**ACTION ITEM:**
Write out the following listing's lines from the one with "An extensive collection" to the one with "Beyaz tişörtlü, elleri", exactly, with both included and no others.

**SUPPLIED RECORDS:**
--

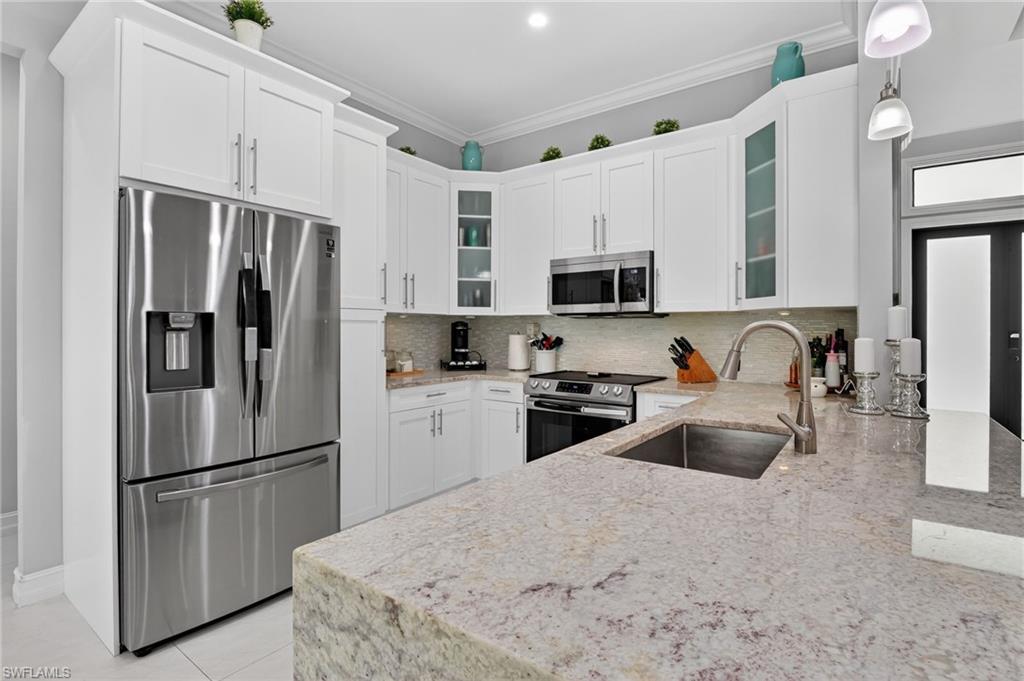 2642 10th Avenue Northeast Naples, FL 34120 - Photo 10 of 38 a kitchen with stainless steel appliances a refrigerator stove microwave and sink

--

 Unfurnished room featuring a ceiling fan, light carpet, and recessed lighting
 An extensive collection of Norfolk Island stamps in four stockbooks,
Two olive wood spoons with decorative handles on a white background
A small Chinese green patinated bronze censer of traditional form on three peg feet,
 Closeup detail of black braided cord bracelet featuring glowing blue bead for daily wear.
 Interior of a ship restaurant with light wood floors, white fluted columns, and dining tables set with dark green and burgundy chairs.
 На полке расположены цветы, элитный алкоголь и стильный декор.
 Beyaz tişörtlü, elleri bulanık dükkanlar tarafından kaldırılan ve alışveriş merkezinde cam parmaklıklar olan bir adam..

--

**EXERCISE RESULT:**
 An extensive collection of Norfolk Island stamps in four stockbooks,
Two olive wood spoons with decorative handles on a white background
A small Chinese green patinated bronze censer of traditional form on three peg feet,
 Closeup detail of black braided cord bracelet featuring glowing blue bead for daily wear.
 Interior of a ship restaurant with light wood floors, white fluted columns, and dining tables set with dark green and burgundy chairs.
 На полке расположены цветы, элитный алкоголь и стильный декор.
 Beyaz tişörtlü, elleri bulanık dükkanlar tarafından kaldırılan ve alışveriş merkezinde cam parmaklıklar olan bir adam..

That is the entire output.